Когда в 1993 г. формировался Совет по социальной политике при Президенте РФ, мне было поручено научное руководство разработкой проекта Президентской программы «Стратегия и приоритеты социальной политики». Уже в 1994 в качестве предпрограммной разработки мною была подготовлена «Концепция социальной политики» Эта работа сильно продвинула становление теоретических основ социальной политики, включая её сущность, стратегию и приоритеты. К сожалению, было ещё слишком мало кадров, способных полноценно включиться в работу такого масштаба. А в 1995 дело остановилось по причине свертывания Совета по социальной политике при Президенте РФ.
В 1996 по заказу Минтруда России я выполнил фундаментальное исследование «Концепция социальной защиты для современной России».

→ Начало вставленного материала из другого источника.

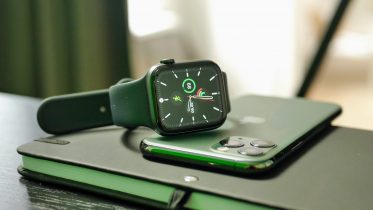 Test: Apple Watch Series 6 – Samme pris, flere funktioner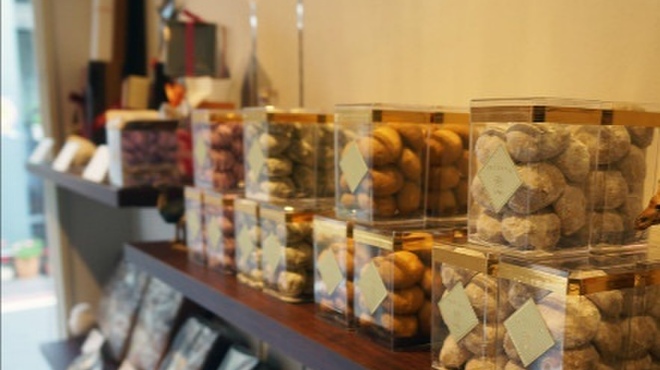 パティスリー ロータス - メイン写真: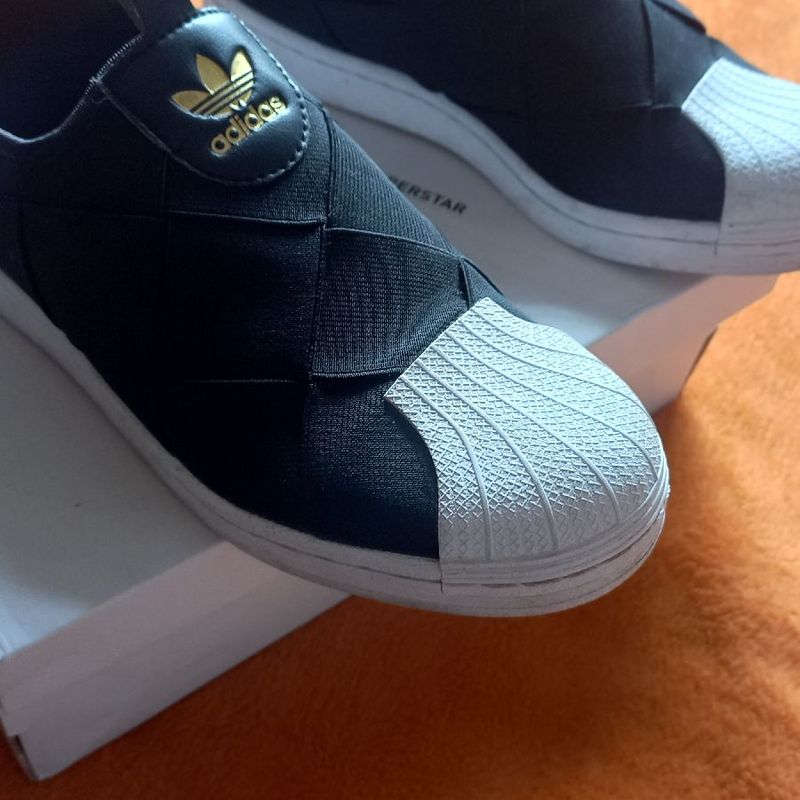 Tenis Superstar Enjoei Tenis Adidas Tamanho 36 Adidas Superstar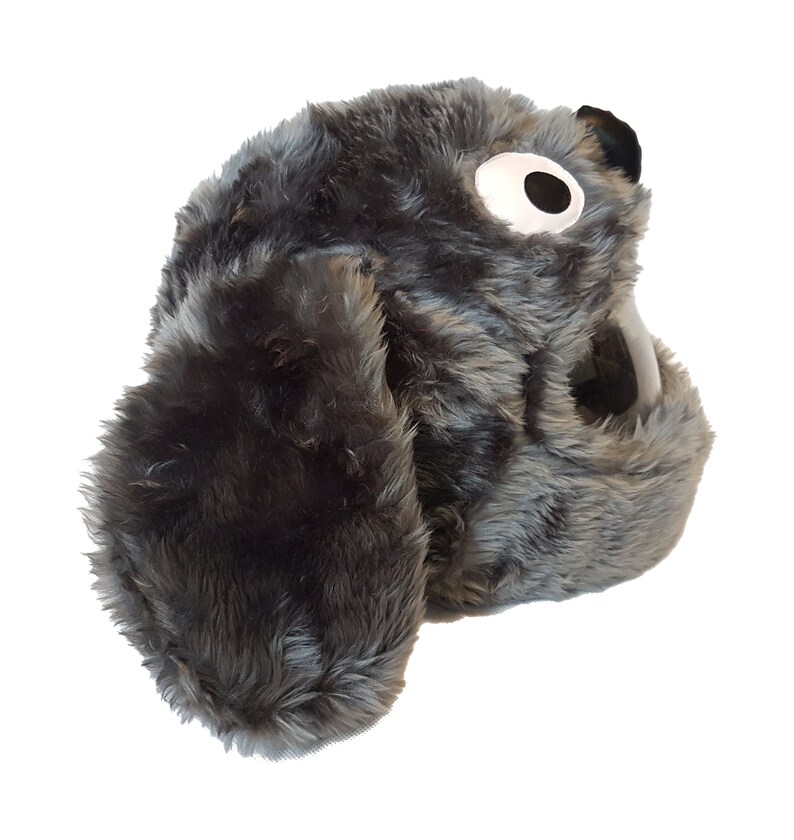 Grappige helm cover lange oren motorhelm cover case voor - Etsy Nederland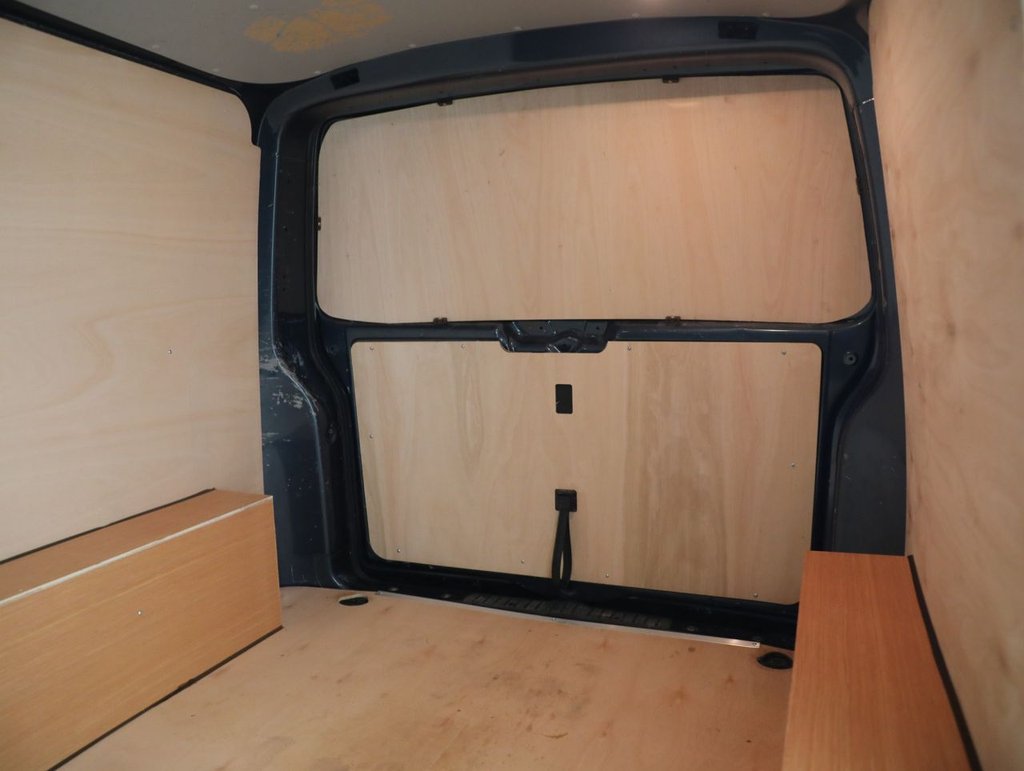 Used Volkswagen Transporter 2019 for sale - 77451620: Photo 37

Был и ещё один «поворот судьбы», способствовавший серьёзному продвижению в создании нового учения о социально-трудовых отношениях и о социальной политике. В 2000 профессор Н.А.Волгин получил кафедру социальной политики а Российской академии государственной службы при Президенте РФ. Он пригласил меня перейти на эту кафедру. Состоялся следующий разговор:
– Спасибо, Николай Алексеевич! Я бы перешёл, если бы Вы поставили задачу сделать кафедру российским (а значит – и мировым) лидером в науке о социальной политике.
– Да-да! Такую задачу и поставим!
Увы! Ни постановка, ни решение этой задачи усилиями кафедры не состоялись. Но мы с Галиной Яковлевной трудились именно в ключе лидерства, далеко не всегда совпадая в постановках и в разработках с руководством кафедрой. Но сделать дело в целом нам удалось. Наука о социальной политике сложилась. Галина Яковлевна завершила к 2003 фундаментальное исследование социально-трудовых отношений[5]. Чтобы охват проблематики социальной политики был достаточно полным, мне пришлось «попутно» разработать теорию социального хозяйства (отторгнутую, кстати сказать, кафедрой, на которой мы работали).
Принципиальная новизна нашего учения о социально-трудовых отношениях и о социальной политике в целом обеспечена новым методологическим подходом, новым видением сущности социально-трудовых и социально-политических процессов. Я говорю «новым подходом», «новым видением», но обязан подчеркнуть, что этот подход провозглашён и очерчен ещё в 19 веке. Это диалектический метод и это диалектико-материалистическое понимание движения общества.
Диалектический подход (в отличие от любых метафизических) ухватывает закономерности движения целостностей, в которых причины и следствия способны меняться и реально меняются местами. Реальное бытие целостно и потому адекватно может быть понято и описано только диалектическим мышлением (знанием).
Материалистическое понимание истории ухватывает способность общества двигаться самостоятельно, то есть быть целостностью, не нуждаться во внешних для себя причинах и предназначениях. Бытие человечества есть целостность, его реальное движение (его история) может быть адекватно понято и описано только диалектико-материалистическим мышлением (знанием).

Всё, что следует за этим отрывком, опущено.